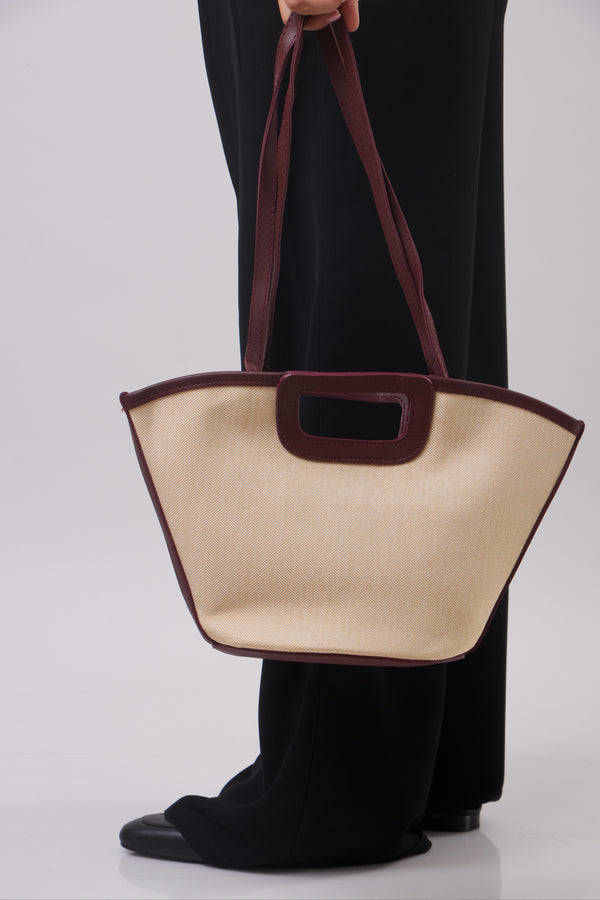 Belle Bag - Straw+Burgundy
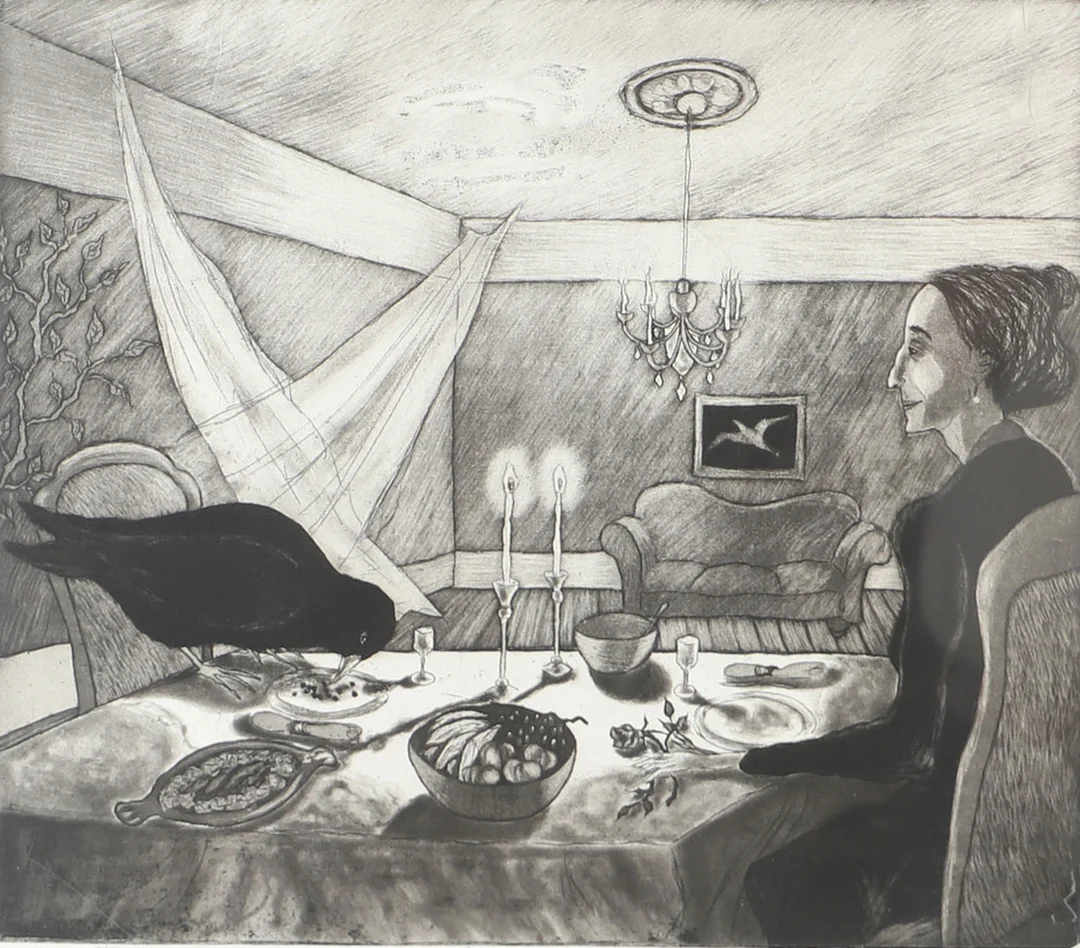 HELEN REX. "Måltid", etsning, signerad 1979. — Engravings & Prints — Helsingborgs Auktionskammare
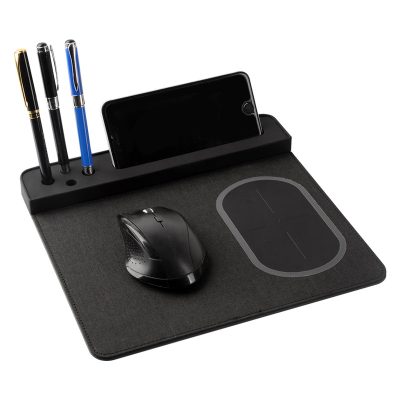 Pu mouse pad with wireless charging pen holder (3)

> [What to produce]: What you give back should be exactly the lines from the line holding "Prints — Helsingborgs Auktionskammare" through the final line of the material, both ends included, and please leave out the pictures.

> [Exercise answer]:
 HELEN REX. "Måltid", etsning, signerad 1979. — Engravings & Prints — Helsingborgs Auktionskammare
 Pu mouse pad with wireless charging pen holder (3)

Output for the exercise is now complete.